Scraped caption text data:
::::::

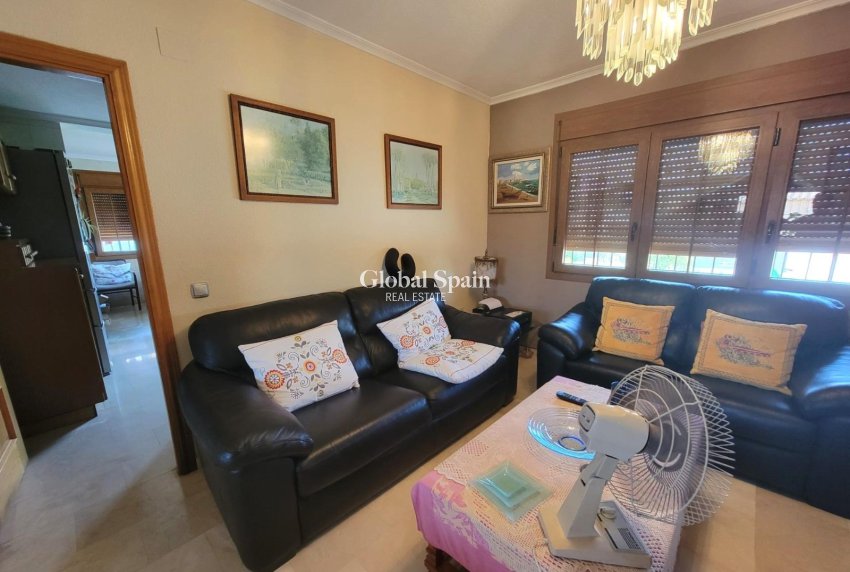 Wiederverkauf - Freistehende Villa -
TORREVIEJA - Aguas Nuevas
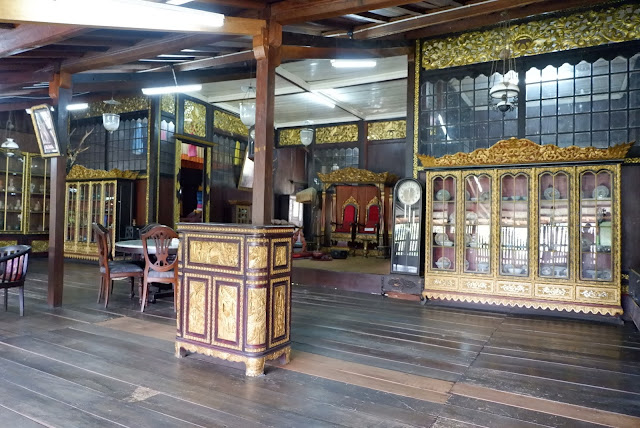 koleksi di rumah limas museum balaputra dewa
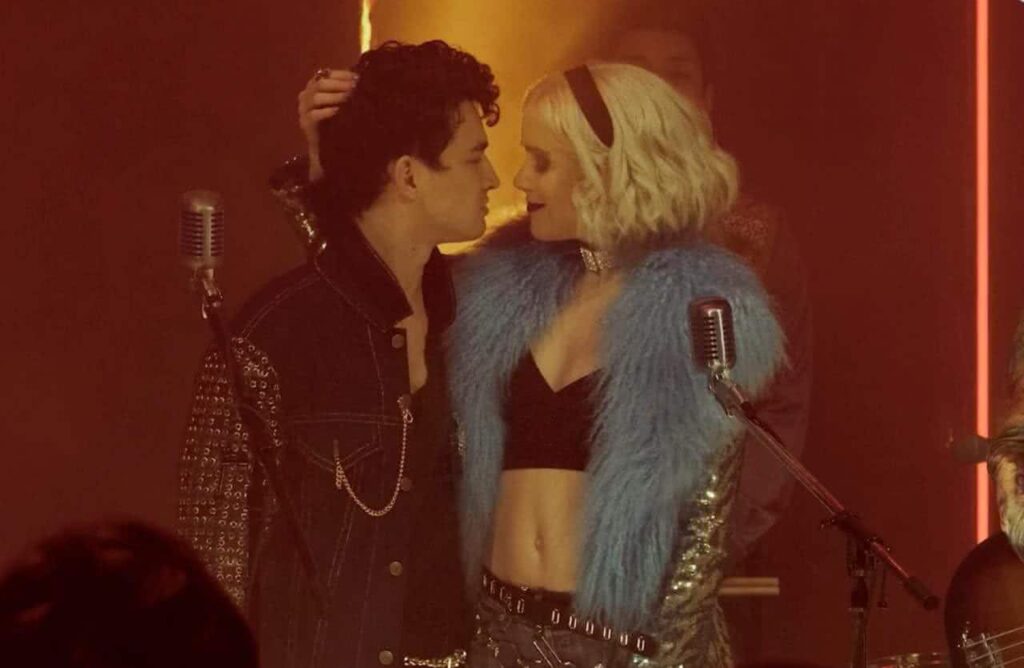 Nick (Gavin Leatherwood) e Sabrina (Kiernan Shipka) em O Mundo Sombrio de Sabrina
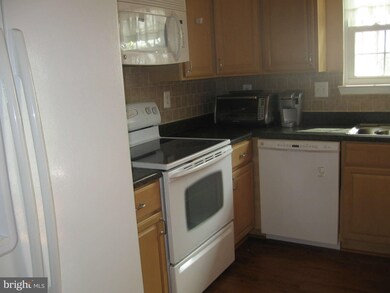 2863 Madeira Ct unit 13-4, Woodbridge, VA 22192 - photo 4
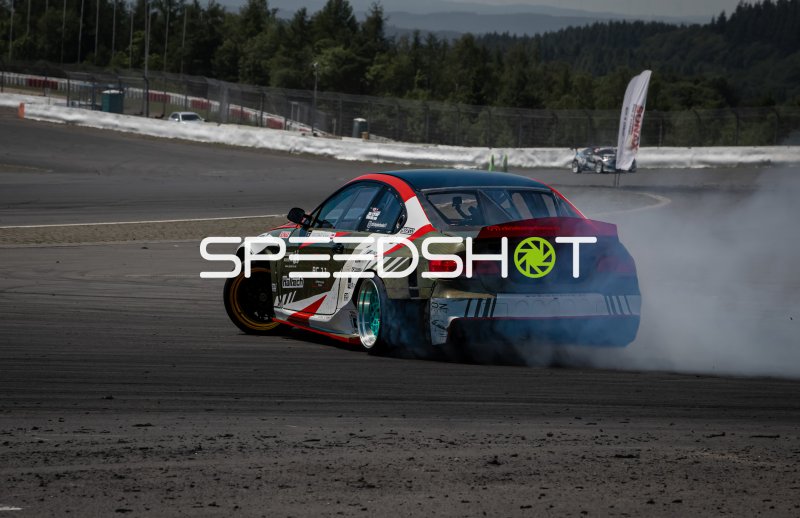 BMW E92 Drift mit Rauchentwicklung am Nürburgring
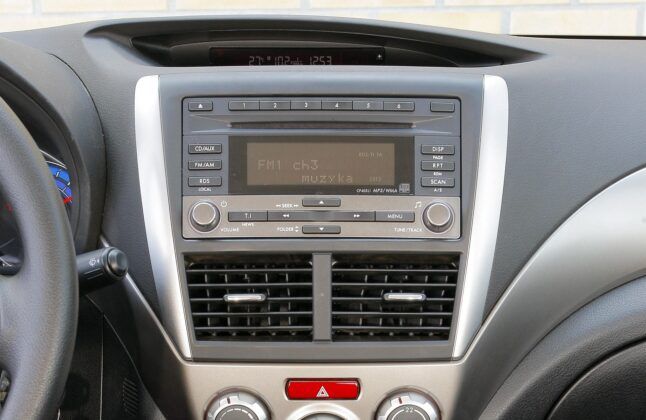 Subaru Forester III radio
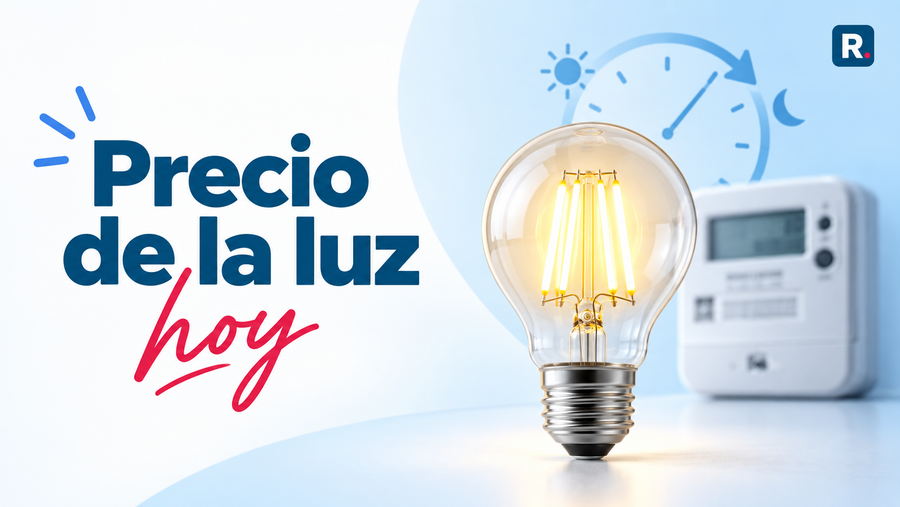 Bombilla encendida junto a un contador eléctrico y un reloj para consultar el precio de la luz hoy.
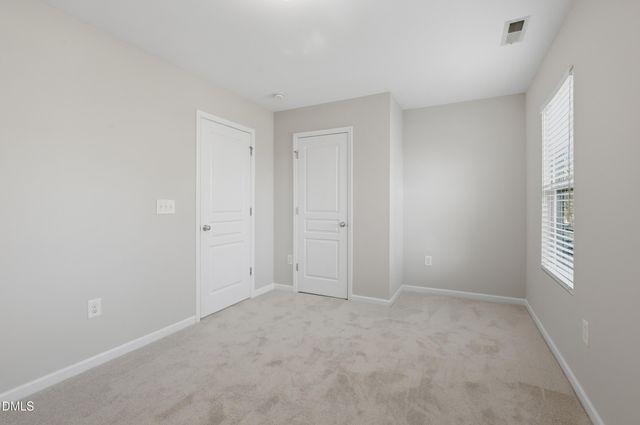 2907 Berkeley Springs Place, Raleigh, NC 27616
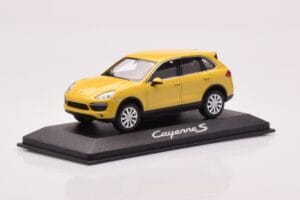 Porsche Cayenne 92A Zandgeel Minichamps 1:43 WAP0200060B Metaal — afbeelding 2 van 4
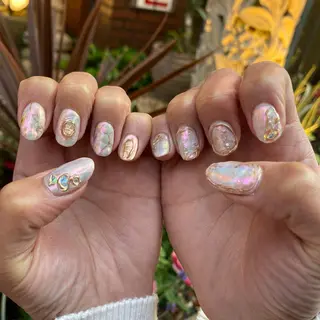 ネイル うにゃねいる🌷 Mayaのネイルデザイン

::::::

Print every record above exactly as written, leaving out the pictures.

## ANSWER SECTION
 Wiederverkauf - Freistehende Villa -
TORREVIEJA - Aguas Nuevas
 koleksi di rumah limas museum balaputra dewa
 Nick (Gavin Leatherwood) e Sabrina (Kiernan Shipka) em O Mundo Sombrio de Sabrina
 2863 Madeira Ct unit 13-4, Woodbridge, VA 22192 - photo 4
 BMW E92 Drift mit Rauchentwicklung am Nürburgring
 Subaru Forester III radio
 Bombilla encendida junto a un contador eléctrico y un reloj para consultar el precio de la luz hoy.
 2907 Berkeley Springs Place, Raleigh, NC 27616
 Porsche Cayenne 92A Zandgeel Minichamps 1:43 WAP0200060B Metaal — afbeelding 2 van 4
 ネイル うにゃねいる🌷 Mayaのネイルデザイン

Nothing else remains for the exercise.